US Appeals Court Blocks New Money-Laundering Law from Taking Effect

On Behalf of | Jan 6, 2025 | Criminal Defense, Federal Crimes, Felonies |

Fifth Circuit Court of Appeals Reinstates Injunction as Deadline Looms

In an update to our previous post concerning the implementation of a new law designed to crack down on money laundering through small businesses and LLCs, a three-judge panel in the 5th Circuit reinstated a Texas District Court judge’s previously issued injunction, halting the new rule from taking effect saying that the Corporate Transparency Act which authorized the rule was unconstitutional. Before the injunction was reinstated, most companies had until a January 13, 2025, deadline to submit their initial reports to the Treasury Department’s Financial Crimes Enforcement Network (FinCEN) identifying to the government agency who the “beneficial owners” or otherwise qualified individuals are to the government.
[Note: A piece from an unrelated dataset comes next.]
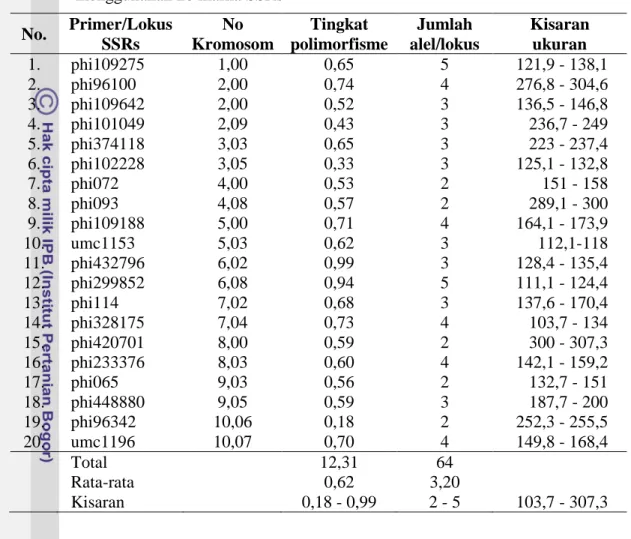 Tabel 7 Profil data marka mikrosatelit hasil karakterisasi pada galur jagung pulut menggunakan 20 marka SSRs No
The panel stated in its order that ultimately a separate panel of judges would rule on whether or not to ultimately uphold the injunction itself, but that keeping the injunction in place with the looming deadline was necessary, “to preserve the constitutional status quo while the merits panel considers the parties’ weighty substantive arguments” with oral arguments in that appeal scheduled to be heard on March 25, 2025. The challenge to the law was raised by an attorney from the Center for Individual Rights, who applauded the decision and whose President commented in light of the ruling that, “Given that we have established that the [Corporate Transparency Act] is likely unconstitutional, this intrusive form of government surveillance should be halted until the law’s fate is finally resolved.” All LCCs and small businesses effected by these regulations should be paying close attention to legal developments as they are appealed to make sure they are in compliance with the law.